There really isn't much to this tank. I'll show a pic later, but it was designed as a holding tank and is rather ugly.


----------



## dormfrogger

Those crabs are awesome! You should make a feeding video, I'm really curious to see how they catch insects!


----------



## Hobbes1911

dormfrogger said:


> Those crabs are awesome! You should make a feeding video, I'm really curious to see how they catch insects!


I'll try. They actually have a really cool feeding habit. There are different strategies apparently depending on the food type. 

Worms are just picked up, dragged along and the crab then just goes into a more secluded area and eats the worm or larva

Crickets, flies and other fast moving insects are chased down and the crab then jumps onto the insect, grabbing it with its pincers and then starting to eat it. I'll try to get a video of that, but no promises.


----------



## hypostatic

Here's a preview:


----------



## Hobbes1911

So apparently I'm doing something wrong. I'm not sure if the tank is too wet, or too dry, but several plants are showing signs of being unhappy. The rock fern is all but withering away and the dischidia is showing yellow leaves. I am not sure if those are signs of just settling in like for example crypt melt, or if it means those plants are dying off. I decided to try more watering and I'll see what the response will be.

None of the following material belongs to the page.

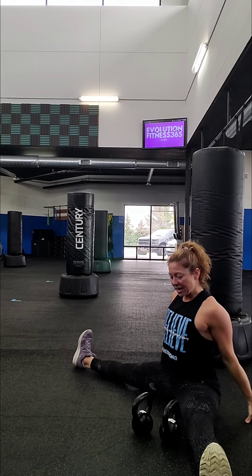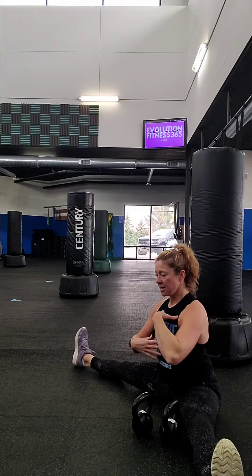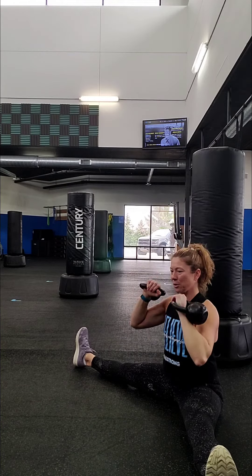To advance this move, now that we're seated on the ground, go ahead and take a little bit wider of a straddle. Get that nice, strong straddle position, nice tall spine, abs in, grab those two kettlebells, and either alternate that shoulder press or do a double shoulder press. That is your straddle kettlebell shoulder press.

Rock fern being truly unhappy


dischidia with yellow leaves


Does anyone have any advice?


----------



## Duff

I too have a tank very similar to your and have struggles with ferns. I've tried two and killed both of them. Finally gave up thinking my tank was too wet. I ended up adding a Bolbitis heteroclita and it's doing fantastic. It's a pretty slow grower but well worth it and needs to be very moist and high humidity. 



For the dischidia with yellow leaves, mine did that same thing when I 1st moved it into my tank, although I do have mine in a drier section at the top of my tank sitting on spahgnum, once I let it dry out a bit more it bounced back ad has put out new growth. you might move the ones closest to the water over to the cork bark to see if that makes them more happy?

Hope this helps! Your tank is awesome  

Duff


----------



## Nicholas

Hobbes1911, Goes on a date. With a very beautiful and attractive woman.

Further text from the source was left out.